Firstly, it pre-trains on large-scale human video using what Nvidia says is “latent actions.” Since human videos do not provide joint torque labels or motor commands, Nvidia has trained a “700-million-parameter spatiotemporal Transformer” to extract “proxy actions” from visual changes between frames, allowing the model to “treat any human video as if it came with motor commands attached.” Secondly, it post-trains on a specific robot body with “continuous robot actions.” The idea is to separate physical understanding from hardware control, so that the robot learns the rules of the physical world first and then adapts them to need and limb requirements.

Real-time dreaming

With its world model designed to teach robots to watch humans first, Nvidia is suggesting to us that the best and fastest way to scale humanoids isn’t more robot data. It is probably their exposure to more human experience. Considering this, it’s imperative to note that this is not the first world model. Many have been devised before, but they have been considerably slower at achieving the outcome. NVIDIA has been able to clock up the pace by distilling DreamDojo to run at 10.81 frames per second in real time for over a minute. DreamDojo HV has been demonstrated across humanoid platforms like GR-1, G1, AgiBot, and YAM robots, the company says, and has shown what it calls “realistic action-conditioned rollouts” across diverse environments and object interactions.

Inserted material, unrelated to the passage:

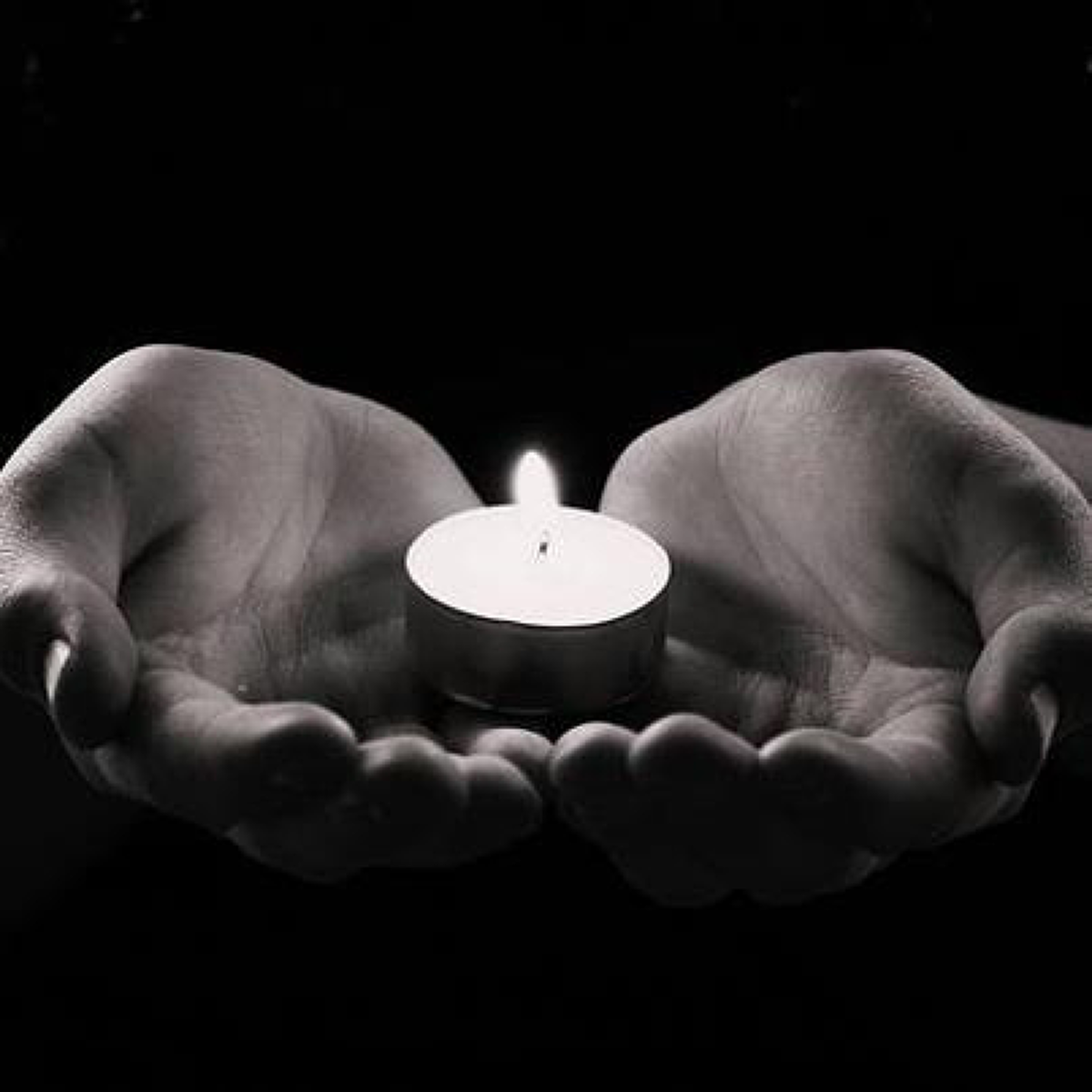 อานุภาพครอบจักรวาล!! เปิดความหมายของ "ยันต์ห้าแถว" และข้อปฏิบัติเมื่อสักแล้ว เผย..ทำไมบุคคลที่มีชื่อเสียงถึงนิยมสักกันอย่างมาก น้อยคนจะรู้!!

From what I see, if DreamDojo can work as the press information reveals, it could make life easier for startups and robotic teams with limited resources to collect a large robot-specific dataset and use it to teach their robots. But before more use case scenarios trained on the Nvidia world model show up, I am skeptical how they will perform in every changing real-world condition, which are not absolutely the same at any two moments.